James Q. Lynch, reporter for the Cedar Rapids Gazette picked up on one key theme of the meeting: Rural-Urban Coalition building:
Flood prevention starts at the upper end of watersheds, but rural-urban coalitions will be needed to develop policies to reduce flood potential and damage, participants in a flood seminar agreed Sept. 7.
“This is not a case of ‘urban rules,'” Sen.
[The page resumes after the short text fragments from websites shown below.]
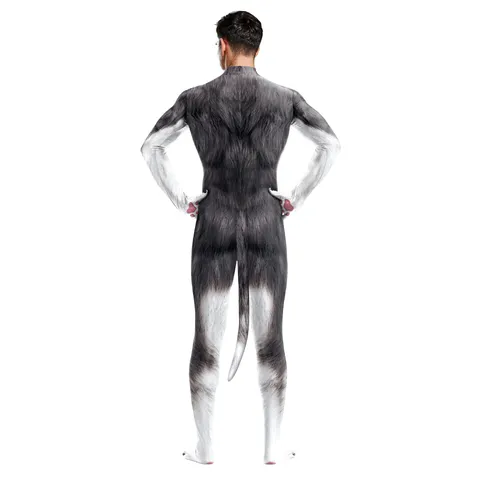 Heren Husky Cosplay Kostuum Digitale Print Body Volledige Lichaam Spandex Jumpsuit Podium Outfit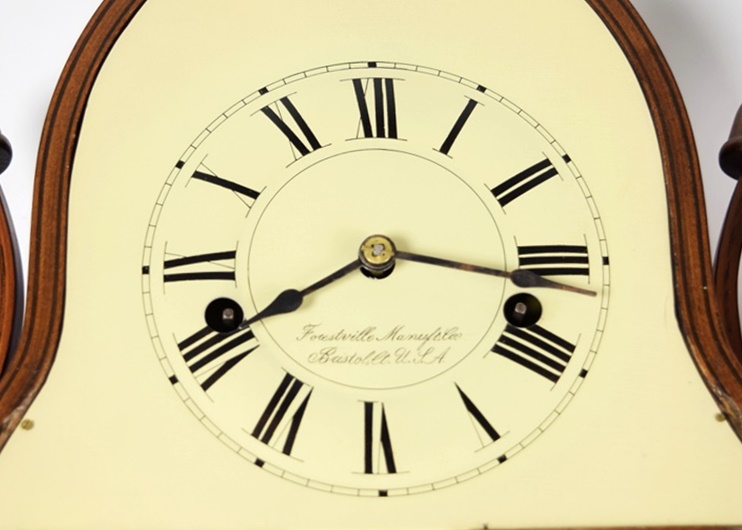 Rare J.C. Brown Acorn Shelf Clock with "Residence" Painting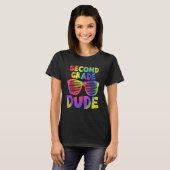 Back To School 2nd Second Grade Dude Tie Dye Sungl Tシャツ (正面フル)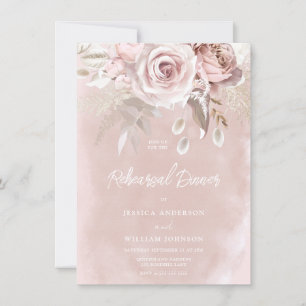 Watercolor Blush & Dusty Rose Rehearsal Dinner Invitation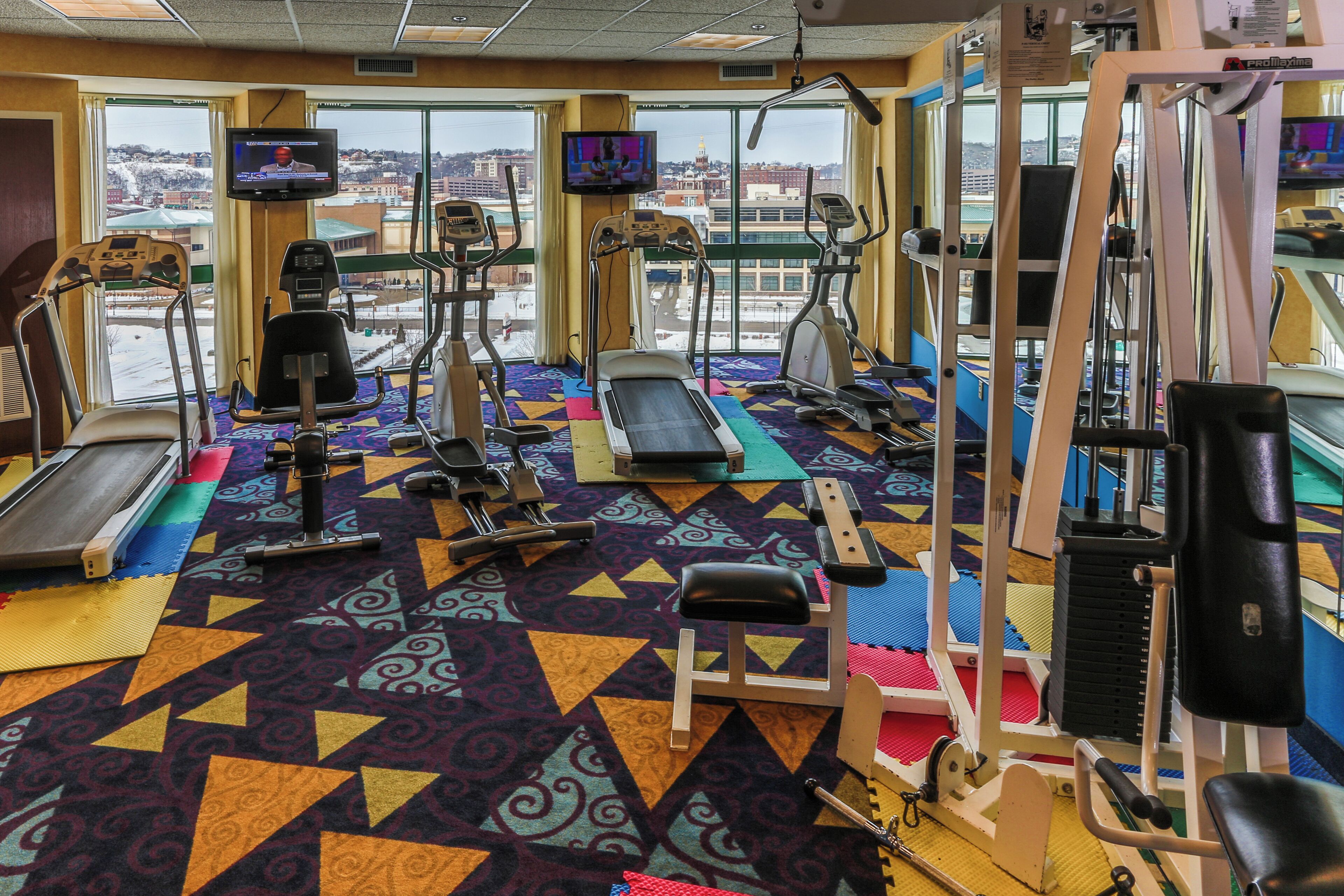 Un gimnasio con diversos equipos de ejercicio, un televisor y amplias ventanas con vistas a un paisaje nevado.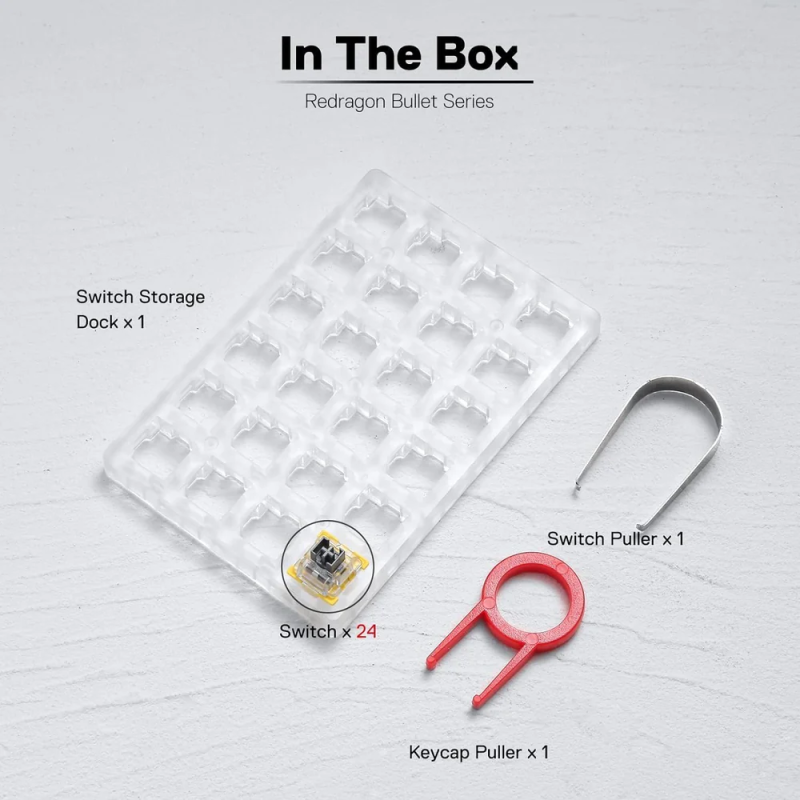 Redragon A113 Bullet-S – 24 Soft Linear Mechanical Switches for Keyboards
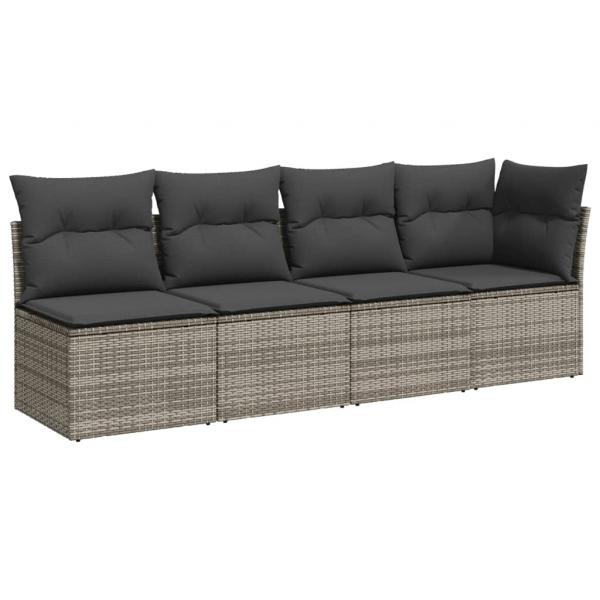 9-tlg. Garten-Sofagarnitur mit Kissen Grau Poly Rattan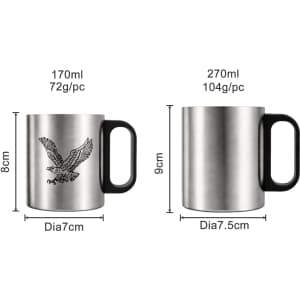 A stainless steel insulated mug with a plastic handle, available in 170ml and 270ml sizes, features a logo.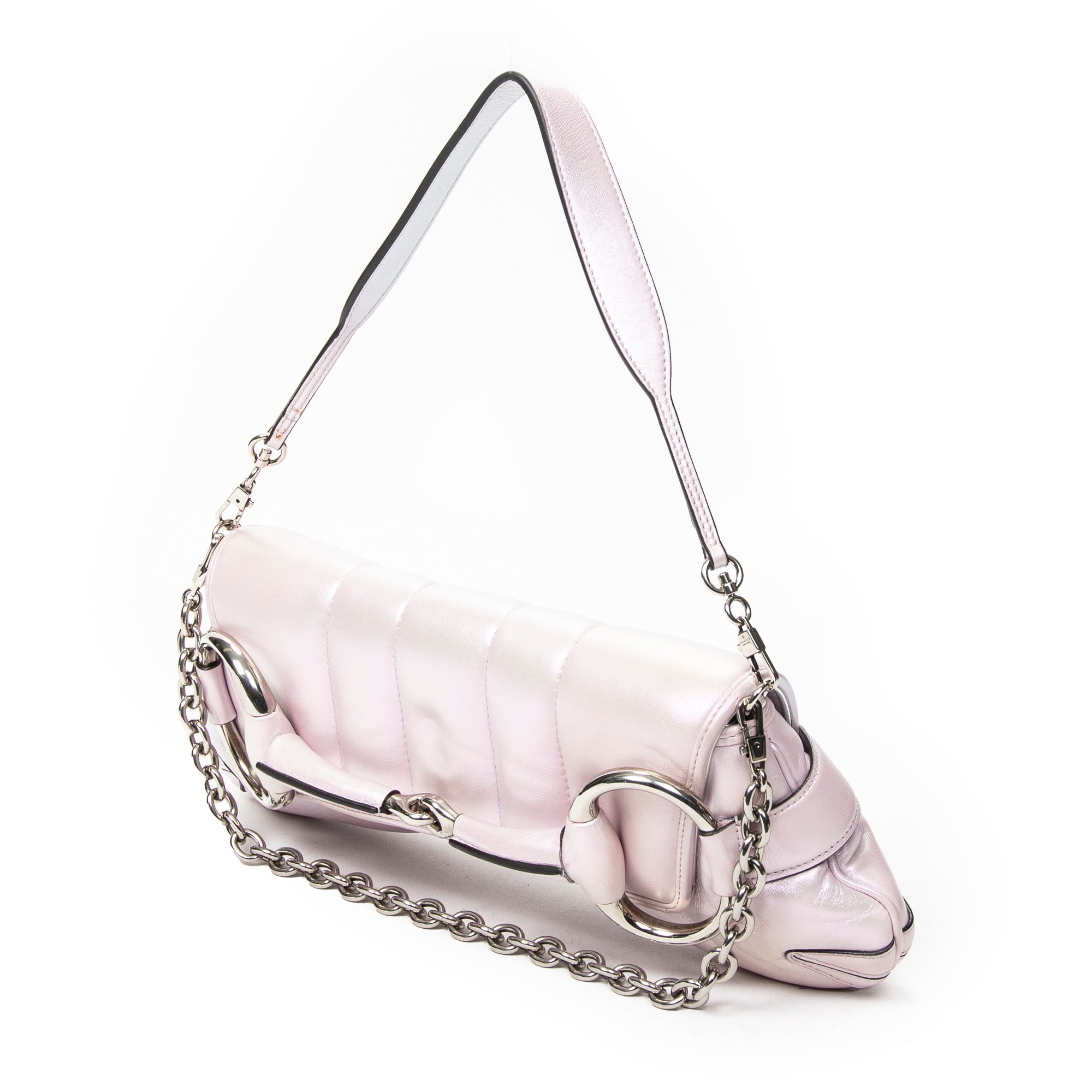 Shoulder Bag Medium Horsebit Chain Iridescent Pink Quilted Calfskin Leather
Pam Jochum, D-Dubuque, told about 40 people who attended a state-sponsored seminar on flood preparation in Elkader. “We all have to be in this together.”
A handful of northeast Iowa farmers agreed that practices on their land affect their downstream neighbors, so they should be a part of the solution.
In fact, said Richard Jensen of rural Elgin, that rural-urban partnership exists in the form of taxpayer-supported programs that help defray the cost of water conservation practices on his farmland.
“I’m just an old man with an audience here,” Jensen said, “but the real solution is to treat the cause – the upper end of the watershed.”
Right now, there are over 204 watershed projects completed or underway, according to Wayne Petersen, of the Iowa Department of Agriculture and Land Stewardship.
For more information on the flood preparation, and to view the speakers’ presentations, check out CGRER’s post-event resource page.
On September 14, researchers will head west to Cherokee for a 4:00p.m. presentation. Late last June, Cherokee residents and business owners were forced to evacuate as heavy rains caused the Little Sioux River to spill over its banks.